--- Records for this task Enclosed Below ---

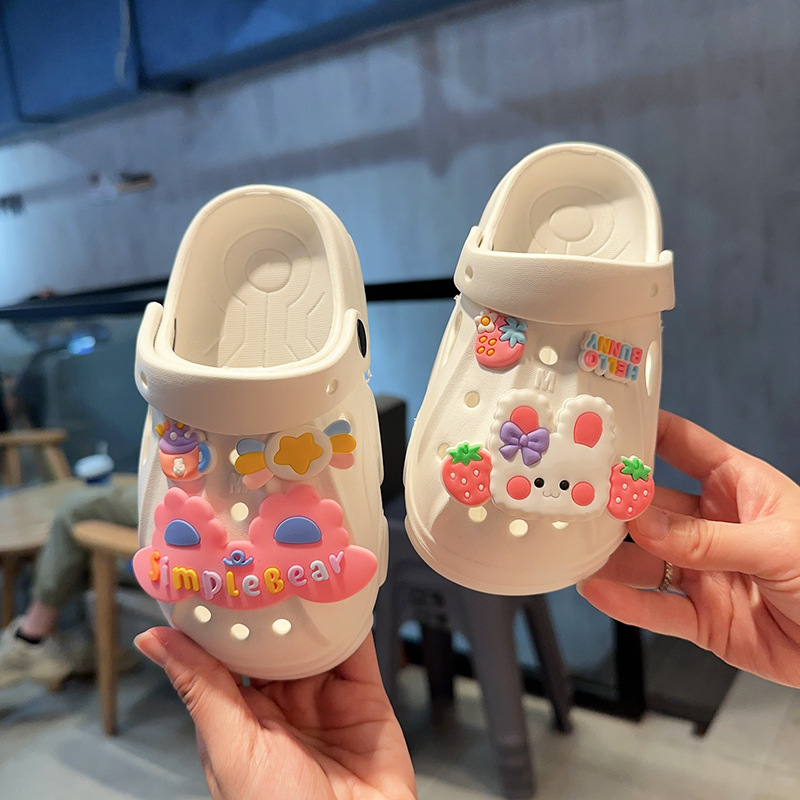 New Cartoon EVA Children's Slippers Home Indoor Non-slip Deodorant Boys Middle and Big Children Summer Cave Shoes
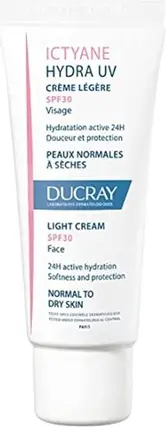 Легкий крем Ducray Ictyane Hydra UV для защиты лица от солнца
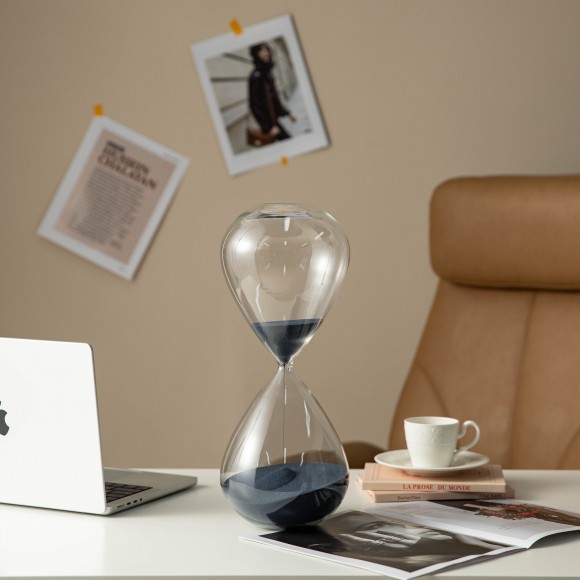Glitzhome Glitzhome Oversized Double-layered Hourglass With Blue Sand 90-Minute Sand Timers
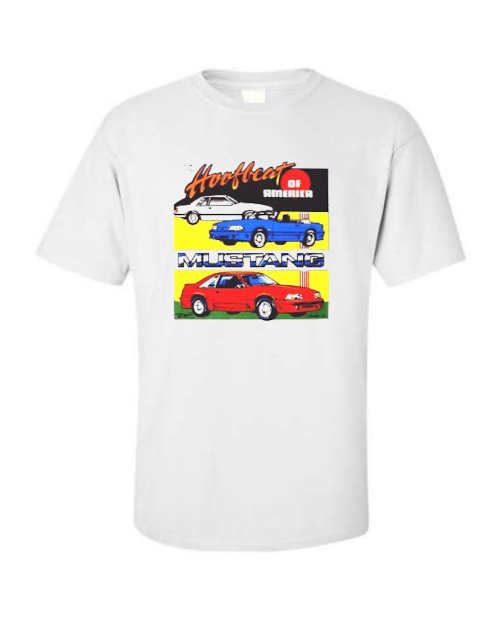 PONY 1987 1993 T shirt convertibile Ford Mustang Coupe Hatchback Stampa Singola Doppia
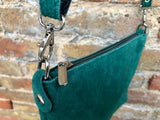 Green suede leather bag. Cross body bag, shoulder bag in GENUINE leather. Small leather bag with adjustable strap and zipper. Green purse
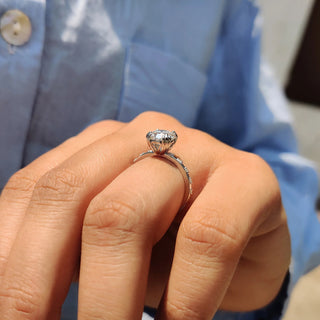 1.0 - 2.0 CT Round Cut Moissanite Pave Engagement Ring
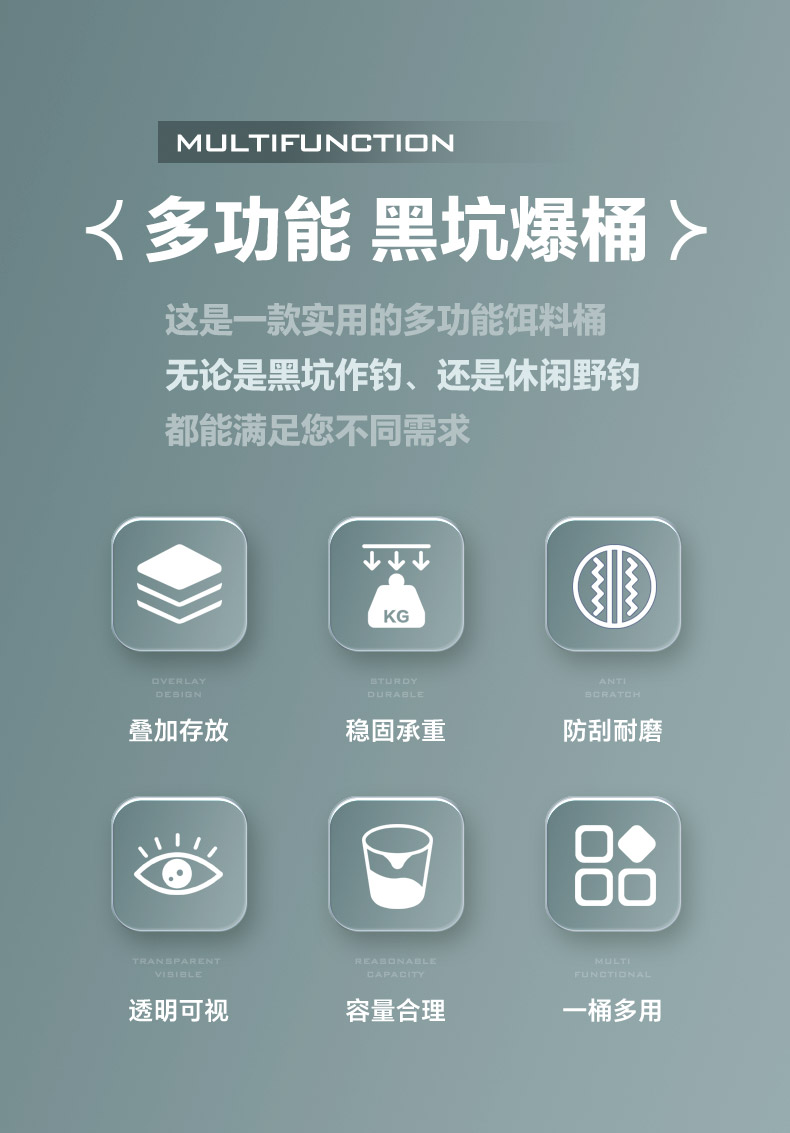 带盖钓鱼桶加厚坚固透明塑料带盖户外可坐家用浴室手提洗衣收纳桶详情2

--- End of Enclosed Records for this task ---

Work request :: Could you reproduce exactly, and only, the lines from the one containing "Легкий крем Ducray" through the end of the records above, both included, while leaving out the pictures?

Solved problem ::
 Легкий крем Ducray Ictyane Hydra UV для защиты лица от солнца
Glitzhome Glitzhome Oversized Double-layered Hourglass With Blue Sand 90-Minute Sand Timers
 PONY 1987 1993 T shirt convertibile Ford Mustang Coupe Hatchback Stampa Singola Doppia
 Green suede leather bag. Cross body bag, shoulder bag in GENUINE leather. Small leather bag with adjustable strap and zipper. Green purse
 1.0 - 2.0 CT Round Cut Moissanite Pave Engagement Ring
 带盖钓鱼桶加厚坚固透明塑料带盖户外可坐家用浴室手提洗衣收纳桶详情2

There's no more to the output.